Work task:
From the line that contains "100% Silk Knit Red Skinny Tie" through the last line of the data, copy everything exactly and nothing else, omitting the pictures.

Data shown:
◆ ◆ ◆

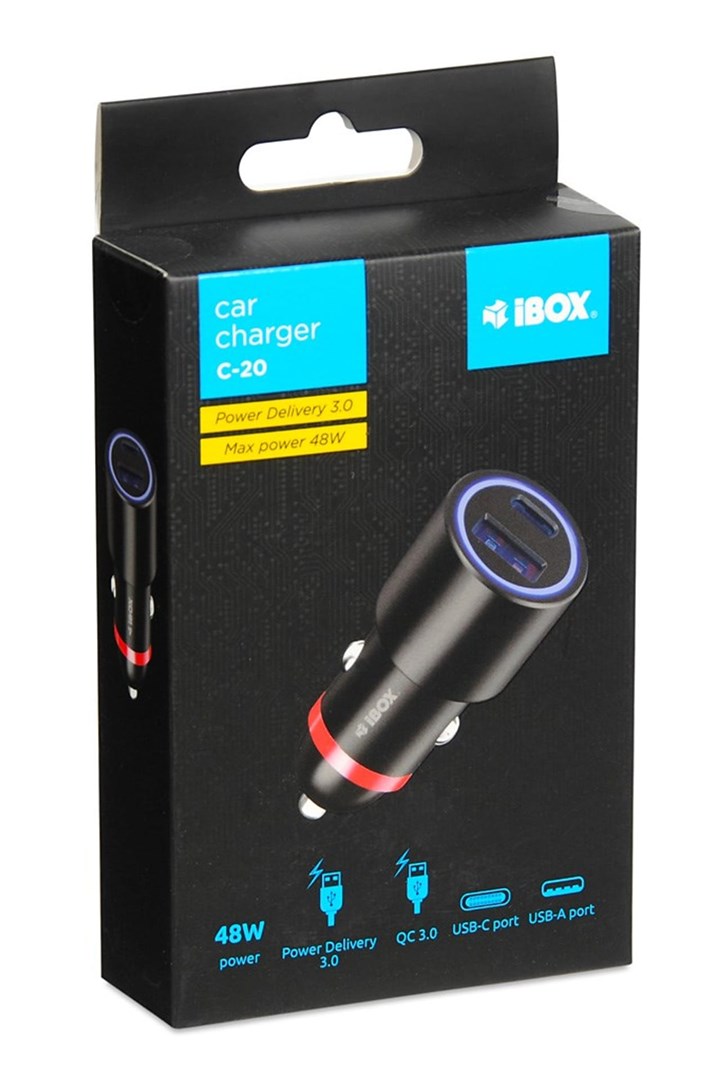 Auto punjač IBOX C-20 48 W USB-C + USB-A crni-3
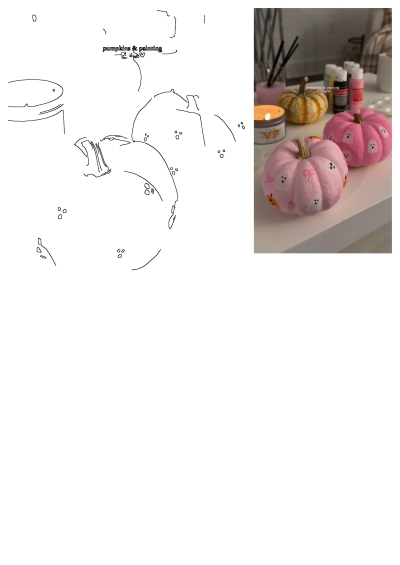 Close-up of DIY painted Halloween pumpkins. One pumpkin is pink with ghost and bows designs; the other is pink with ghost designs.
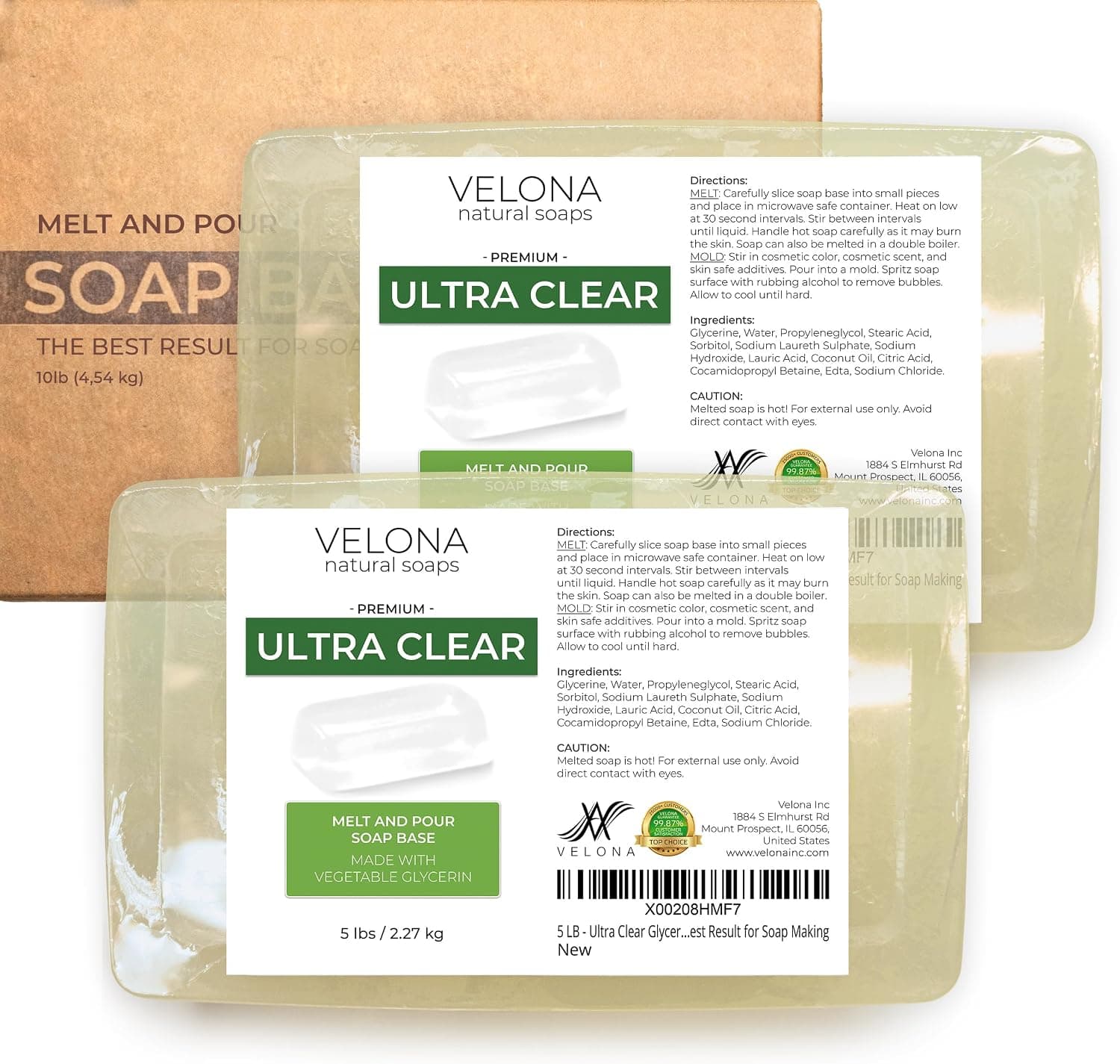 velona 10 LB Ultra Clear Glycerin Soap Base, Melt and Pour, Transparent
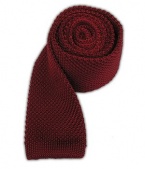 100% Silk Knit Red Skinny Tie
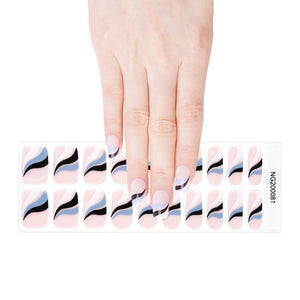 Semi-Cured Gel Nail Wraps Nude Blue Black White Waves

◆ ◆ ◆

Answer:
 100% Silk Knit Red Skinny Tie
 Semi-Cured Gel Nail Wraps Nude Blue Black White Waves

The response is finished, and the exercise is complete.